Économie locale (3) : rebond alimentaire
Manifestement, la crise sanitaire et le confinement ont modifié, sinon les comportements de manière fondamentale, les chiffres de vente des filières alimentaires. Mais dans quel sens ? Regardons d’abord ce qu’il s’est passé à nos frontières.
En France, le 16 mars dernier, soit au tout début d’une crise dont les citoyens ne mesurent pas encore l’ampleur, l’IRI - organisme spécialisé dans l’analyse des ventes et des panels de distributeurs - enregistrait une progression de 237% du chiffre d’affaires sur les produits alimentaires, en particulier les non périssables.
La semaine suivante, une accalmie : les Français ont fait des stocks « de guerre », ils se mettent en mode cuisine...
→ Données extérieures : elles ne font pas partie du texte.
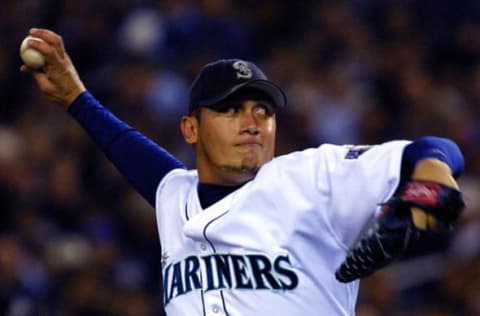 Seattle Mariners starting pitcher Freddy Garcia hurls in the first inning of game two of the American League Championship Series against the New York Yankees 18 October 2001 at Safeco Field in Seattle, WA. The Yankees lead the best-of-seven game series 1-0. AFP PHOTO/John MABANGLO (Photo by JOHN G. MABANGLO / AFP) (Photo by JOHN G. MABANGLO/AFP via Getty Images)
Stocks perdus, fruits, légumes et surgelés
Mais les rayons sont soit dévastés – les classiques, pâtes, farine, œufs… - soit n’arrivent pas à absorber les stocks disponibles sur le marché de gros ! Ainsi, des tonnes de fraises ne seront jamais récoltées faute de bras, des palettes d’asperges seront perdues, faute d’écoulement dans les marchés ou les restaurants fermés… Fin mars, la Confédération paysanne française estime l’excédent de lait à 40 millions de litres. Les ventes de fromages AOP plongent. Et on n’a vendu que 20% des 600 000 agneaux de Pâques prévus…
Pourtant, selon une étude réalisée en avril pour le Nouvel Obs par l’institut YouGov, 43 % des Français affirment acheter davantage de fruits et légumes depuis le début du confinement, 23% se tournent davantage vers les surgelés – une autre étude, de l’institut Nielsen, démontre que les produits surgelés, et notamment les viandes, ont connu des hausses importantes du chiffre d’affaires en février-mars.
Pas la patate, sauf les coopérateurs
En Belgique, les filières agroalimentaires ont connu les mêmes soubresauts, liés parfois à une certaine irrationalité des consommateurs, ou tout simplement à un marché mis sens dessus dessous.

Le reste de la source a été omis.